Tak hanya elit politik yang menentang ide KPU, masyarakat pun bertanya-tanya mengapa KPU memilih untuk menggunakan kotak suara berbahan kardus. Mengenai hal ini, Direktur Eksekutif Perludem Titi Anggraeni mengatakan, pertanyaan masyarakat mengenai kotak suara ‘kardus’ adalah wajar karena ketidaktahuannya.
“Logikanya sederhana saja, kardus mie instan, kardus mineral, dan yang dibandingkan itu bukan sesuatu yang setara,” kata Titi Anggraeni dalam program acara di stasiun televisi swasta, Selasa (19/12) malam.
“kok suara saya yang satu, apalagi yang saya ingin jagoan saya menang, kok disimpannya di kardus? itu kan pertanyaan-pertanyaan wajar dari masyarakat,” tambah Titi.
Untuk menyikapi polemik di tengah masyarakat, Titi menyarankan agar KPU melakukan klarifikasi dan berkomunikasi lebih intens dengan publik terhadap pertanyaan-pertanyaan mereka seputar ide digulirkannya kotak suara berbahan kardus.
“Nah, disinilah yang diperlukan adalah klarifikasi dan komunikasi publik soal pertanyaan-pertanyaan tadi, bahwa suara pemilih itu akan disimpan dalam sebuah kotak yang akan tetap menjamin satu orang satu suara satu nilai yang kemurniannya itu akan diterjemahkan sesuai dengan pilihannya,” terangnya.
Dalam isu kotak suara ini, Titi menyoroti dua hal, pertama soal pilihan kotak suara. Titi menjelaskan, pemilihan bahan kotak suara itu harus menerjemahkan kebutuhan atas fungsionalitas kotak suara, yaitu mampu menyimpan surat suara dan kebutuhan perlengkapan pemungutan surat suara pada hari tersebut.
“Ini harus dipastikan oleh KPU dari kotak suara yang dipilih KPU. Ini harus dijelaskan oleh KPU,” tegas Titi.
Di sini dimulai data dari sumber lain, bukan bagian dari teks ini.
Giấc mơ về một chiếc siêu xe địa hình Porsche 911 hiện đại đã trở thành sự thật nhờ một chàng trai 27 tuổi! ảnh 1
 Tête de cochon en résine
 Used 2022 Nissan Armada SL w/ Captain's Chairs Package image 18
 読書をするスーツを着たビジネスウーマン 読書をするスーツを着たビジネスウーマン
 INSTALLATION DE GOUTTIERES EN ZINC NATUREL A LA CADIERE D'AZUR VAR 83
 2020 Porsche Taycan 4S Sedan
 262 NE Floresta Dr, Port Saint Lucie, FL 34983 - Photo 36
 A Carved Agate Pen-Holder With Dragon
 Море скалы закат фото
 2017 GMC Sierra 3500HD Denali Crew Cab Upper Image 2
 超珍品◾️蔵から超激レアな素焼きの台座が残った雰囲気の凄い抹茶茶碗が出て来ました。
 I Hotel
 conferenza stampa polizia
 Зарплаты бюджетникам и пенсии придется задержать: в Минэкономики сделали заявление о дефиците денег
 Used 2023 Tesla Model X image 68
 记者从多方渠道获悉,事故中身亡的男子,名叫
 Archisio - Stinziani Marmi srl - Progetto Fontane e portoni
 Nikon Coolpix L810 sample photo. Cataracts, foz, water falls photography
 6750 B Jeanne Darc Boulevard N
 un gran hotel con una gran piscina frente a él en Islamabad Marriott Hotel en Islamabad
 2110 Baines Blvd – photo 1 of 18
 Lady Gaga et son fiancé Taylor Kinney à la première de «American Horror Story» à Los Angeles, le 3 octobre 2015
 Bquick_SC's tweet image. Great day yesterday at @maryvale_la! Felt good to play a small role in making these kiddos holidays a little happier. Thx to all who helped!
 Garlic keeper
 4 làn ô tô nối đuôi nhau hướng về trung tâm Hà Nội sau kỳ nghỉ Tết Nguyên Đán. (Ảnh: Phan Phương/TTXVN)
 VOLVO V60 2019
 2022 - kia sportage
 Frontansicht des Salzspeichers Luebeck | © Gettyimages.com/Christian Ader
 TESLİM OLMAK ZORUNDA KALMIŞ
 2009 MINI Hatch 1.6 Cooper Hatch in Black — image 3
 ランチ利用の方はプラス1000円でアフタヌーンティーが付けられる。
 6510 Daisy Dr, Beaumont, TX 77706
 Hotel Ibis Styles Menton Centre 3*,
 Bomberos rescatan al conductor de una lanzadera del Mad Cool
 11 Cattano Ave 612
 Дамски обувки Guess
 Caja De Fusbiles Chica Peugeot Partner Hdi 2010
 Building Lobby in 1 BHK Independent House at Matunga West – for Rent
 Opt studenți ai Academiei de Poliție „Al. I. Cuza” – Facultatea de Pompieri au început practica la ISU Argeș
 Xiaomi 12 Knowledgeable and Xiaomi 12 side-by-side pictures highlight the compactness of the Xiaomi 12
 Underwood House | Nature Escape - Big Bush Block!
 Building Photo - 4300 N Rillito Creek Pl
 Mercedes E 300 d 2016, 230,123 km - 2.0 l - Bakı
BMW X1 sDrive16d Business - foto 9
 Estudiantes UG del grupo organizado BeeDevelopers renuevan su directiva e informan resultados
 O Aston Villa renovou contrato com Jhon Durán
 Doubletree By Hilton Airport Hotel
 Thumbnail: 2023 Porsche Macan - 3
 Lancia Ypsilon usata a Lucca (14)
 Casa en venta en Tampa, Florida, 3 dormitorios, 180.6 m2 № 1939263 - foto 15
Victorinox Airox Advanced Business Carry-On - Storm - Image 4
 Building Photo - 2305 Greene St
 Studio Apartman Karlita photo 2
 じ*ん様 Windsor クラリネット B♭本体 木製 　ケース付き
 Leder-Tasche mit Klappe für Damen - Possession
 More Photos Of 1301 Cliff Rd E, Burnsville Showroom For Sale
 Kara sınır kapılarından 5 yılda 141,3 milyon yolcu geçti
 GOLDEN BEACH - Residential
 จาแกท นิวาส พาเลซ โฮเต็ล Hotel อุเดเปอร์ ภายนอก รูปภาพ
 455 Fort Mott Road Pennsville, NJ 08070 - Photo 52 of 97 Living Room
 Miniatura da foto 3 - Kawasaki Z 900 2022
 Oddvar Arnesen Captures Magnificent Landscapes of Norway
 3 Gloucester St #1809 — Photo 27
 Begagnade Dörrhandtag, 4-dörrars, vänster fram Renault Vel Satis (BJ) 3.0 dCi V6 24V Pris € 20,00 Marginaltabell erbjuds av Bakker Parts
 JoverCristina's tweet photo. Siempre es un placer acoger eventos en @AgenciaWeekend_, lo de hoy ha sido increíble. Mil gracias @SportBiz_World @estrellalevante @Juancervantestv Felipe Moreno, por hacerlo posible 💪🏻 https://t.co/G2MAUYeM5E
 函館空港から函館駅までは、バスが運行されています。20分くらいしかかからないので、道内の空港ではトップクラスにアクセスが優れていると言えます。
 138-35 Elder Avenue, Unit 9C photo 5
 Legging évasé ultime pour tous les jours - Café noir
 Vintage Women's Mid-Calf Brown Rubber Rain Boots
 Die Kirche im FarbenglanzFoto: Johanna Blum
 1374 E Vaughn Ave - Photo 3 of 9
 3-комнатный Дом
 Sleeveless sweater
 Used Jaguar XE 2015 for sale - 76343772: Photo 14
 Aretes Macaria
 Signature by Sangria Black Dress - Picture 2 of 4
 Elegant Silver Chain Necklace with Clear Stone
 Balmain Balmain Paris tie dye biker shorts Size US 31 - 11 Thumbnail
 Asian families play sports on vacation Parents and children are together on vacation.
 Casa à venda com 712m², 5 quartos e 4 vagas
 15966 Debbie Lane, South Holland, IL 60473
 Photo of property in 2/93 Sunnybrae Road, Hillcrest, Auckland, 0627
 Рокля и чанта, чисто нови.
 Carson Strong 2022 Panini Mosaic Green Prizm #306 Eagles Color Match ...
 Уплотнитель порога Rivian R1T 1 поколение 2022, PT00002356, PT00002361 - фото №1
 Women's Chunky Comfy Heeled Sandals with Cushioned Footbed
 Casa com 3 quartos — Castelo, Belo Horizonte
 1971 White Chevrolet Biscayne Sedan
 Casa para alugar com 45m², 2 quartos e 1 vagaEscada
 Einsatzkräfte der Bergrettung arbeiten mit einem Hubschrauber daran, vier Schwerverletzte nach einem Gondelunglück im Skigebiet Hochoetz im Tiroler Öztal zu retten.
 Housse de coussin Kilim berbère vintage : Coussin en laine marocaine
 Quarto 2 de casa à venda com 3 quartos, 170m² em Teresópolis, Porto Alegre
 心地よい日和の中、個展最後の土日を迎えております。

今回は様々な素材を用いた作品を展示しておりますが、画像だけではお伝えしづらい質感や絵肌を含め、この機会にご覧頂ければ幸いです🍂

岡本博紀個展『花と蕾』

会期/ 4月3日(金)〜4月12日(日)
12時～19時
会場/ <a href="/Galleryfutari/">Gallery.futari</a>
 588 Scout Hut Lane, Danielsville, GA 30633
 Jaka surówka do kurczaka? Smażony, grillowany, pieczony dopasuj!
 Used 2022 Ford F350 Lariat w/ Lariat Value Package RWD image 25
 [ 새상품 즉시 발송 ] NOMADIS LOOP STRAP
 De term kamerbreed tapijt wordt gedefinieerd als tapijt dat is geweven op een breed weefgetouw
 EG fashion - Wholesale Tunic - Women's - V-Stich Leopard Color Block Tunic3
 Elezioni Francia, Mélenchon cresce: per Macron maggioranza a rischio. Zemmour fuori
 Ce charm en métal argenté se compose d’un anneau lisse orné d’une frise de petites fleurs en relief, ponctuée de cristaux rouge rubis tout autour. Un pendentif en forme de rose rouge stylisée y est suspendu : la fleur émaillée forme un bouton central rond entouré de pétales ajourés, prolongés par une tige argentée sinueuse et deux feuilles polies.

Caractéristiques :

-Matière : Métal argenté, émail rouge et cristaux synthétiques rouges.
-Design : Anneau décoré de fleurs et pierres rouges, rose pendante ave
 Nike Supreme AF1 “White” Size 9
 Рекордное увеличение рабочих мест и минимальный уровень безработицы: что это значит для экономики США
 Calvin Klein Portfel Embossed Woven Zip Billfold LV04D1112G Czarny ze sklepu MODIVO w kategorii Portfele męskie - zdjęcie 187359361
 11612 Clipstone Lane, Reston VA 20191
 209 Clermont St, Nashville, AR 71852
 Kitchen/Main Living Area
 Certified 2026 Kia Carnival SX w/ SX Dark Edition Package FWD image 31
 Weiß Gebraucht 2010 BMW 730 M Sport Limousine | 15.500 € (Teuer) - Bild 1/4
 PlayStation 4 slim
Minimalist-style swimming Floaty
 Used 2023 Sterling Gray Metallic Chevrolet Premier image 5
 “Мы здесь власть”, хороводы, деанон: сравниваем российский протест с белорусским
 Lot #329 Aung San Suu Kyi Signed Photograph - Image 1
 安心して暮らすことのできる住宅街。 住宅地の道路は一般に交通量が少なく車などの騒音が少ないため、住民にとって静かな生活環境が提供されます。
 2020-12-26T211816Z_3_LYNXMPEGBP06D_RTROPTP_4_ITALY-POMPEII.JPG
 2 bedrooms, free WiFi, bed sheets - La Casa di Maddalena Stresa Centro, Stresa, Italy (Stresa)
Kedua, berkaitan dengan sistem tata kelola dan pengamanan dari kotak suara itu sendiri. Pengalaman Pemilu 2004 sampai 2018, kotak suara alumunium itu sudah digunakan paling tidak tiga kali Pileg Pilpres. Jadi tiga kali Pileg Pilpres itu berarti hitungannya enam kali Pemilu Legislatif dan Presiden, selain itu ada Pemilu kepala daerah dan Bupati/Walikota dan Gubernur.
“Jadi saya hitung-hitung kotak suara ini sudah digunakan 12 kali pemilihan. Yang berkaitan dengan kecurangan, paling banyak kecurangan itu karena faktor manusia di sekitar lingkaran kotak suara. Ada yang dicuri, kotaknya disembunyikan, Nah inilah yang menjadi faktor pertimbangan, selain pengamanan itu dan faktor manusia di sekitar itu,” pungkasnya.